[Image-text web data]

+ + +

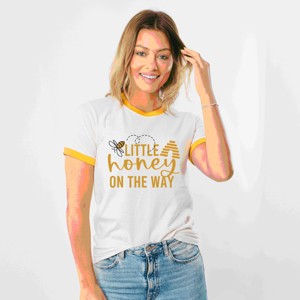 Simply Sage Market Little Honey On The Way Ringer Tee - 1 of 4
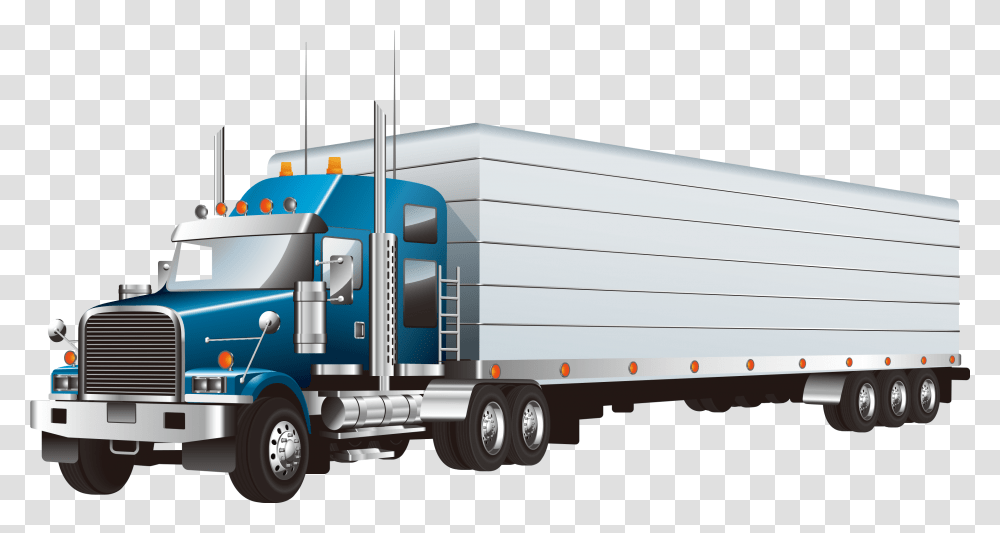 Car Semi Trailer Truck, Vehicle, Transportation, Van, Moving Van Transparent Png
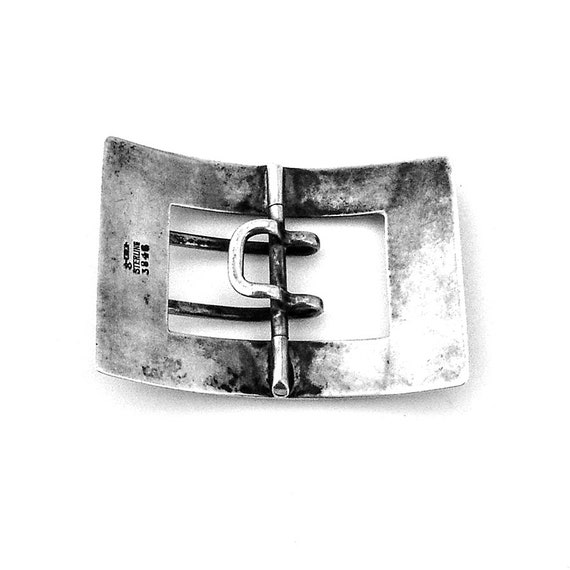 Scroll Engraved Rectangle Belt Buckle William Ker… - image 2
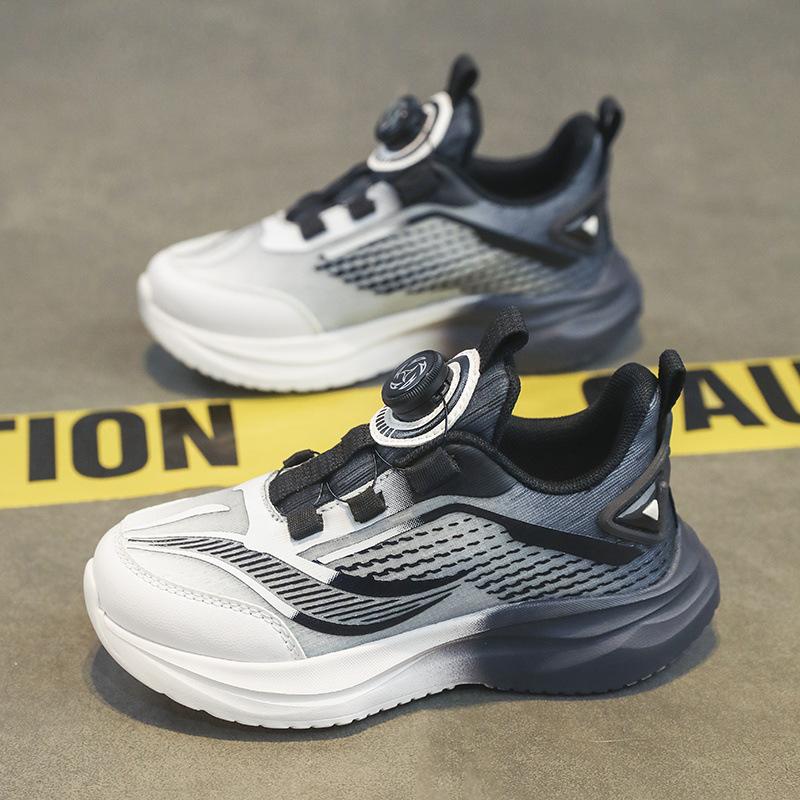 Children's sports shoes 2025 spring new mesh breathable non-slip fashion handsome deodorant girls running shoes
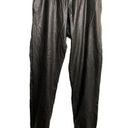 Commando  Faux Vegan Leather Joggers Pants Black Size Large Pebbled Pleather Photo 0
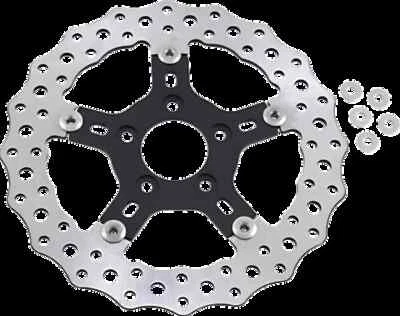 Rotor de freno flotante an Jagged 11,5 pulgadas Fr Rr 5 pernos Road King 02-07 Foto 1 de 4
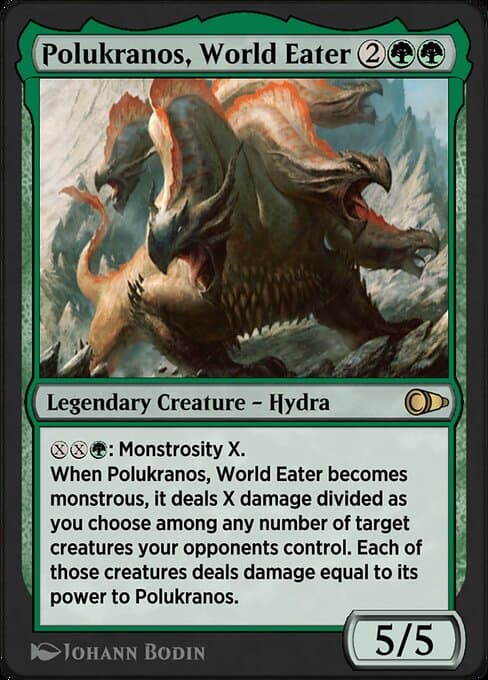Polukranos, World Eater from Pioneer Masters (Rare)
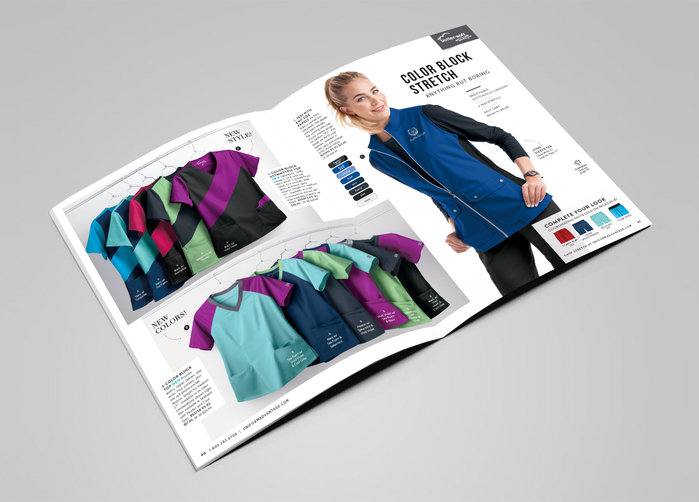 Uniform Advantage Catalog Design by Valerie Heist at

+ + +

● Description of the task
Word for word, retype the lines in the entries above that run from the one with "Car Semi Trailer" through the one with "Polukranos, World Eater". Both ends count; pictures do not.

● Result below
 Car Semi Trailer Truck, Vehicle, Transportation, Van, Moving Van Transparent Png
 Scroll Engraved Rectangle Belt Buckle William Ker… - image 2
 Children's sports shoes 2025 spring new mesh breathable non-slip fashion handsome deodorant girls running shoes
 Commando  Faux Vegan Leather Joggers Pants Black Size Large Pebbled Pleather Photo 0
 Rotor de freno flotante an Jagged 11,5 pulgadas Fr Rr 5 pernos Road King 02-07 Foto 1 de 4
Polukranos, World Eater from Pioneer Masters (Rare)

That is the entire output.